McPeek v. Sullivan et al., 25 L. D., 281, overruled.

Acting Secretary Woodruff to the Commissioner of the General (S. V. P.) Land Office, July 23, 1907. (E. J. H.)

The land involved in this case is the SE. 4 of Sec. 33, T. 121 N., R. 59 W., Watertown, South Dakota, land district, and the same is before the Department upon the appeal of J. P. Becker from your office decision of February 8, 1907, dismissing his contest against the homestead entry of Emil K. Bjerke, made for said land on June 11, 1903, as the heir of a successful contestant of a former entry, who died pending said contest.

The contest of Becker against the existing entry of Bjerke was filed February 13, 1906, alleging, substantially, that claimant had never resided upon or improved the land, but had wholly abandoned the same.

As a result of the hearing had in the case the local officers found. that claimant had failed to construct a habitable house on the land and maintain residence therein, which he was not excused from doing by reason of having made the entry as the sole heir of his deceased daughter, who was a successful contestant against a prior entry; that he did not cultivate or improve the land, the only use made thereof by him being for a pasture. It was accordingly recommended that the entry be canceled, from which an appeal was taken.

As to the question of residence, your office decision found that under departmental ruling in the case of McPeek v. Sullivan et al. (25 L. D., 281), it was not necessary for claimant to reside on the land, it having been held in said case, that—

under a homestead entry made by the heirs of a successful contestant in accordance with the act of July 26, 1892 (27 Stat., 270), actual residence on the land is not required if cultivation thereof is shown for the required period.

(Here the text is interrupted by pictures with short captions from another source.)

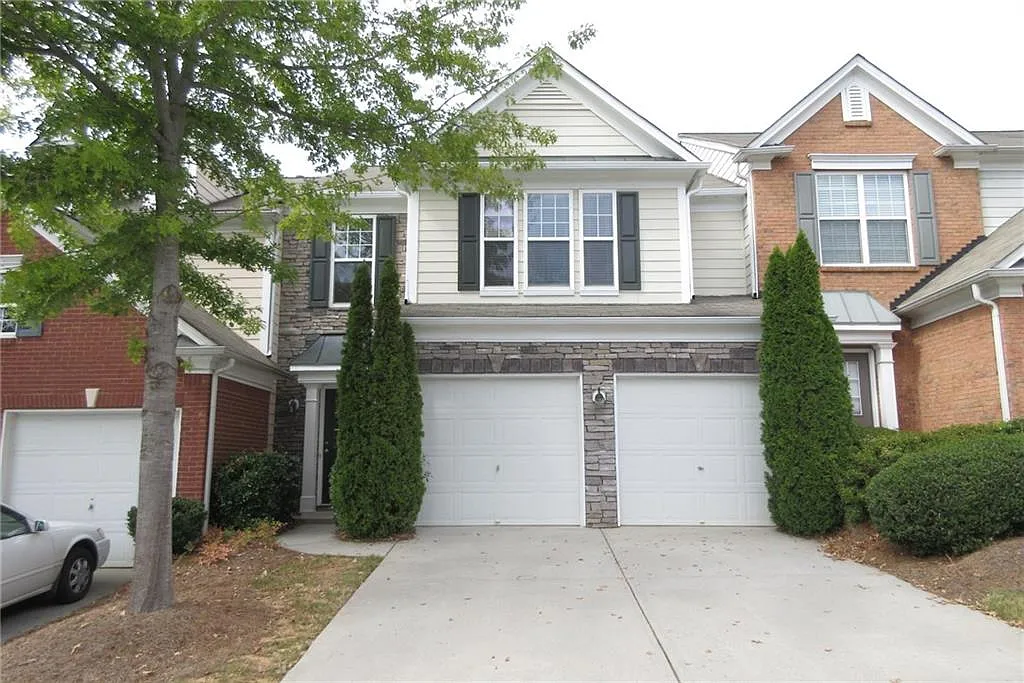 3 bed, 2.5 bath, 1768 sqft, $2,400 — Photo 2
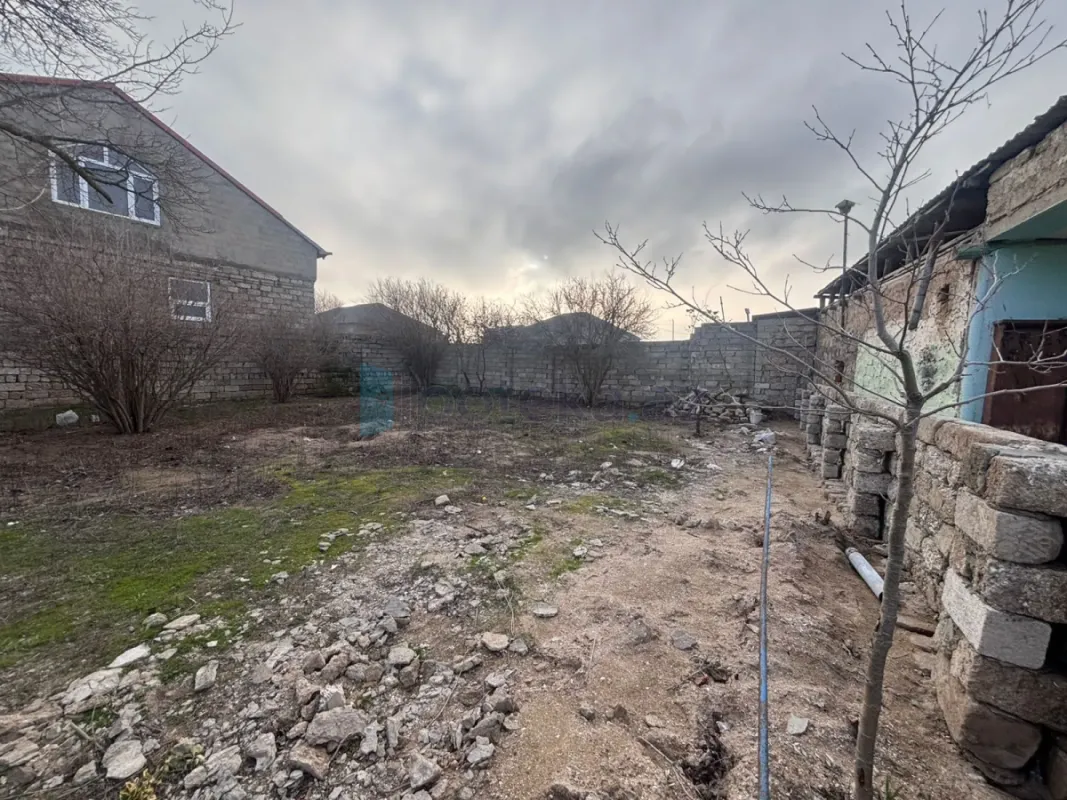 Satılır torpaq sahəsi 4 m²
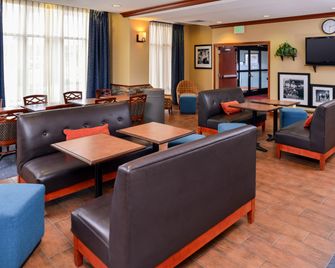 Hampton Inn Evanston - Evanston - Lounge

Regarding the matter of cultivation, it was found that no portion of the tract had been cultivated, but that the same was a part of an

enclosed pasture of eight hundred to one thousand acres, belonging to claimant; that while "it was conceded that the land as a whole was best adapted for the 'mixed' purpose of raising grain and stockraising," from the facts presented, it was, taken as a whole," chiefly valuable for grazing purposes," and had been used as such. It was held that under the circumstances disclosed the requirements of the law had been substantially complied with by grazing the land and the contest was dismissed, from which the appeal under consideration was taken.

So far as the question of residence is concerned, it is not believed that the law received a proper construction in the case above cited, but rather the purpose of said act is better interpreted in the case of Biggs v. Fisher (33 L. D., 465), where it was said, on page 468 of the opinion:

It was the intention of Congress, as clearly appears from the language used in the act, and from the proceedings had in Congress with reference thereto, to place the heirs in the same position upon the successful termination of the contest that the contestant himself would have occupied if the contest had so terminated in his lifetime, the only qualification required of the heirs being, as expressly stated in the act, that they be citizens of the United States.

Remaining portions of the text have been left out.